I work in a grocery store and we don’t have an express lane, but our self checkouts have an “About 15 items or less” rule. We don’t draw a hard line at 15 and if someone has 20 or 25 items (or a bunch of one or two items) we let them through, but if someone’s obviously got a full cart we turn them away.

We had this in my hometown just four weeks ago, so, yes.

Never. And I wouldn’t expect them to. That so few people actually do ignore the limit gives me hope for humanity.

It happened to me once. I had about 15-20 items, and most people were in the pre-Thanksgiving two-cart mode. The things was, all the other lines were backed up halfway down the store, and the ten or less was doing absolutely nothing; there was no one there. So I thought, I’ll go in here, we need to spread out the pain.

But no, she was adamant that she needed to twiddle her thumbs until someone came along with 10 or fewer items.

Adamant that a published policy be applied? Kudos to her.

A shout out to Beckdawrek for using the correct term buggy.

Target stores just set a limit of ten items for their self-checkouts. They present this as a change to improve customer experience but I believe it’s to address shrink.

Ironically, I did see someone turned away for this for the first time that I remember in my entire life at Target this weekend at their self-checkouts. Ironically, because there were no signs up yet. You’d think that all the other times I’ve seen customers at other stores tried to slide in a large order when there were signs, at least one of them would have been denied.

But I must be lucky because I can count on one hand the number of times I remember being behind it, and the maximum was like double the number of items. Still, if you have double the items, at that point surely you should be shunted to another line.

I’ve said horribly rude things to people in that line with filled buggies. Of course I was just walking by on my way to the self checkouts.

I’ve fudged the express limit by a few items. Especially when there are multiple items. Like 4 cans of soup. Because the cashier only scans once and enters 4.

I agree people way over the limit should be sent to the regular checkout…

I can’t recall a cashier saying anything to a customer. But I’m sure someone with a full cart would be asked to change lanes.

Yep.

Working in a store I have at times even been the Enforcer.

As you noted, if the regular lines are full and the “or less” items aren’t being used we’ll re-route some traffic over to them to help move customers through the check out process, but that’s an exception to the usual rules.

Another exception is being using “shop and scan” or using purchasing apps where they might have a full cart but only need to scan a code on their smartphone to finish the transaction, so it looks like they have a massive amount to ring up but they don’t and can quickly move through the transaction area.

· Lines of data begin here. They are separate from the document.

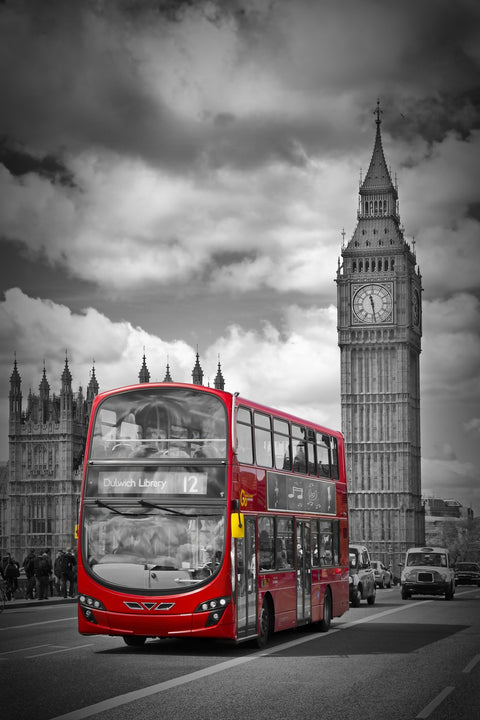 London Street scene Wall Art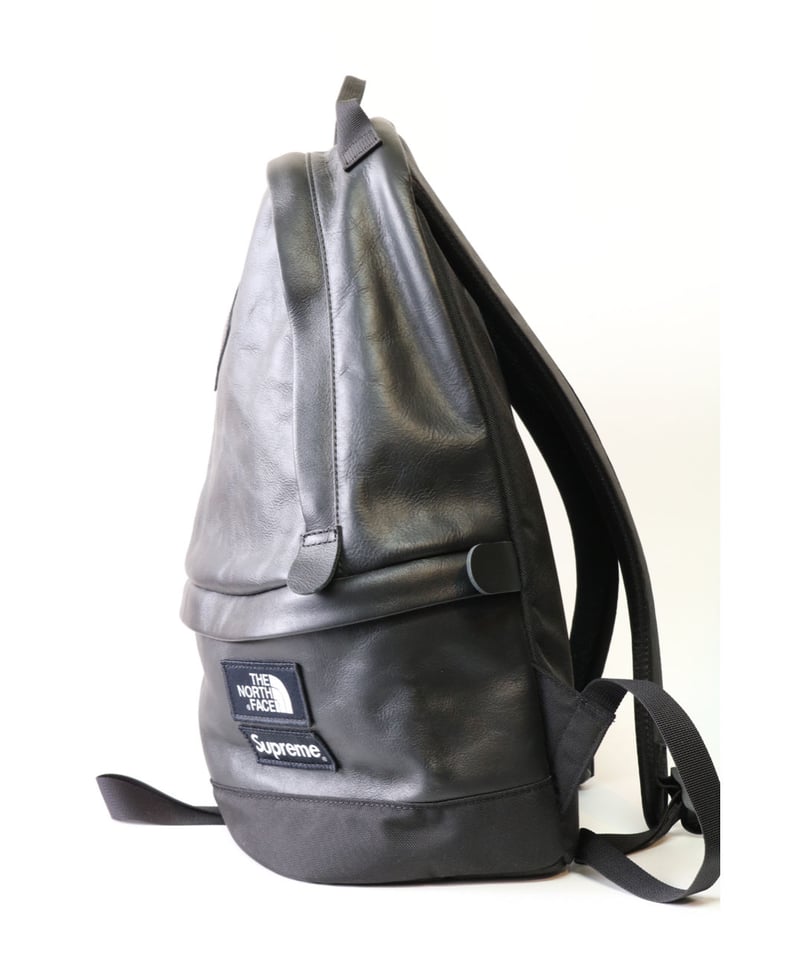 SUPREME x THE NORTH FACE LEATHER BACKPACK BLACK...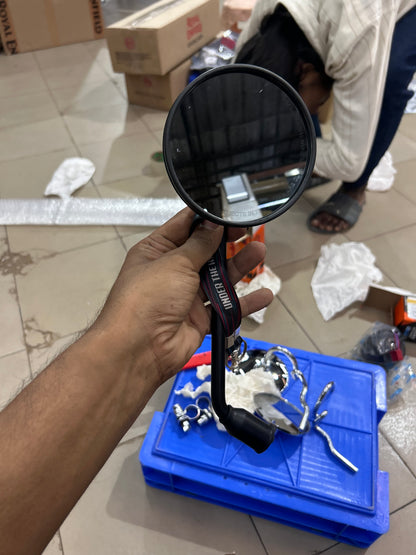 Royal Enfield Hunter 350 / Meteor 350 / Classic 350 Reborn / Shotgun 650 Black Rear View Mirror – Autobird | LH, RH or Pair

Well… it’s not worth quibbling if someone it just one or two over the limit. But egregious violators will be confronted. We might boot that up the management ladder for more authority, though. Depends on the circumstances.

Ha-ha-ha - you so funny. It’s not constant but I would describe it as “rare”. Then again, I spend a lot more time in a store, and a lot more time by the registers, than most people.

Nitpick (seemingly needed in all such threads) - “fewer” please.

Never seen anyone moved, nor have I said anything. I always imagine if someone is rude enough to violate the posted rule, I don’t want to have they direct their rudeness towards me. I’d rather waste the couple of minutes it takes, than to experience that unpleasantness.

A Happy Story

I had 4 items. I was thinking out loud and noticed the woman in front of me seemed to be way over the limit. I said, without meaning, “How many items does she have?”. She heard me. She got mad. She turned around and growled “Yeah, how many have you got?”. I smiled and said “I think I have four. Let me count- one and one and one and one is four, right? Let me be sure. Two plus two is four right? And four is less than 10, right?”

You could see her fuming as she shut her mouth and turned back around. It was one of the happiest moments of my life.